Task:
When you write out the listing below, keep each word exactly as it stands and drop the pictures.

Supplied information:
_ _ _ _ _

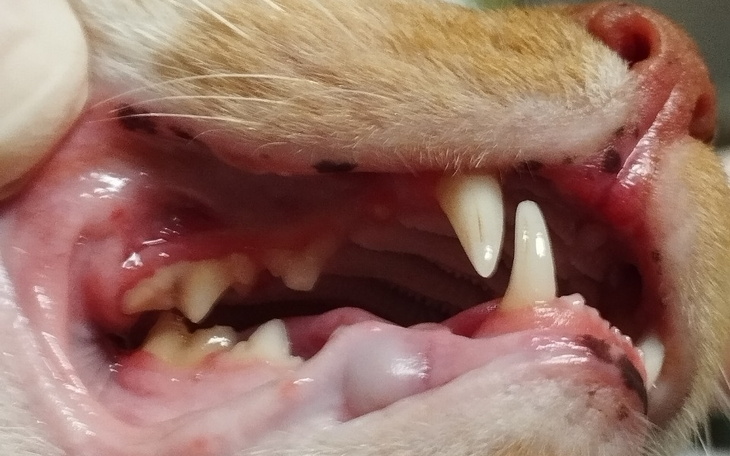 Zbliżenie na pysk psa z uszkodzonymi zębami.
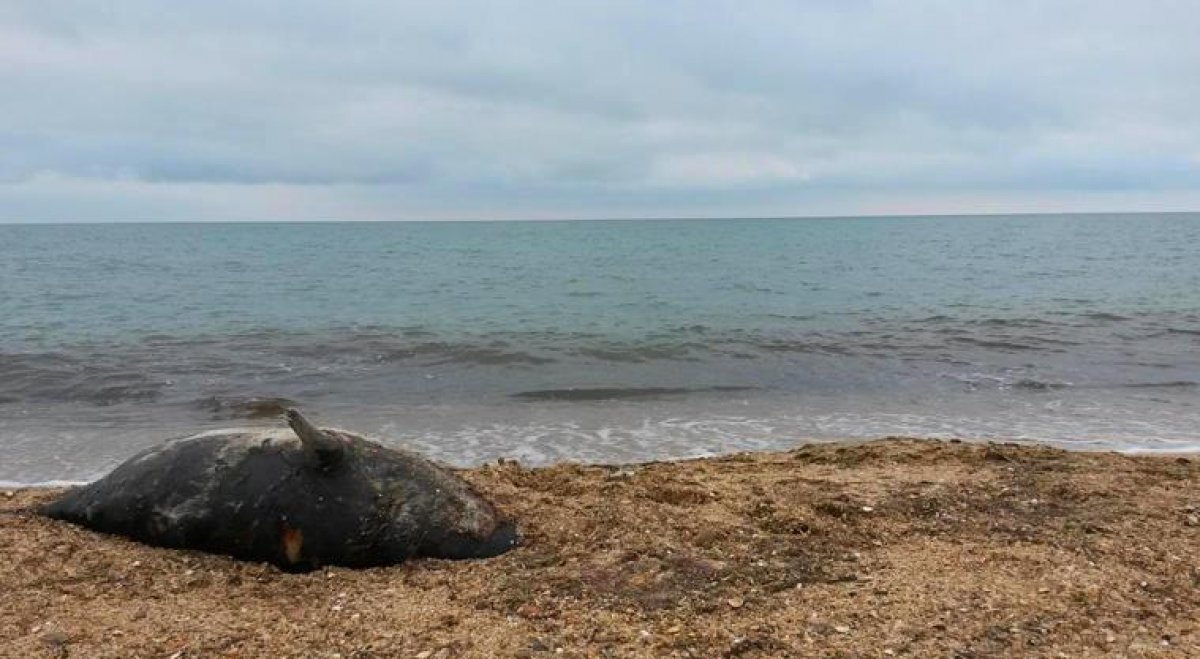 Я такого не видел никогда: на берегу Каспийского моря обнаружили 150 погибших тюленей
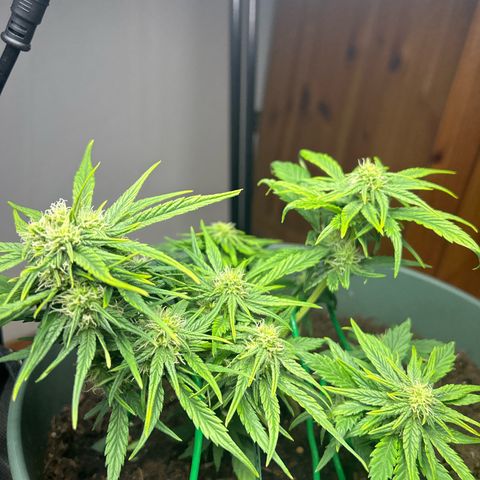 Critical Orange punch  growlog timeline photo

_ _ _ _ _

Answer below:
 Zbliżenie na pysk psa z uszkodzonymi zębami.
 Я такого не видел никогда: на берегу Каспийского моря обнаружили 150 погибших тюленей
 Critical Orange punch  growlog timeline photo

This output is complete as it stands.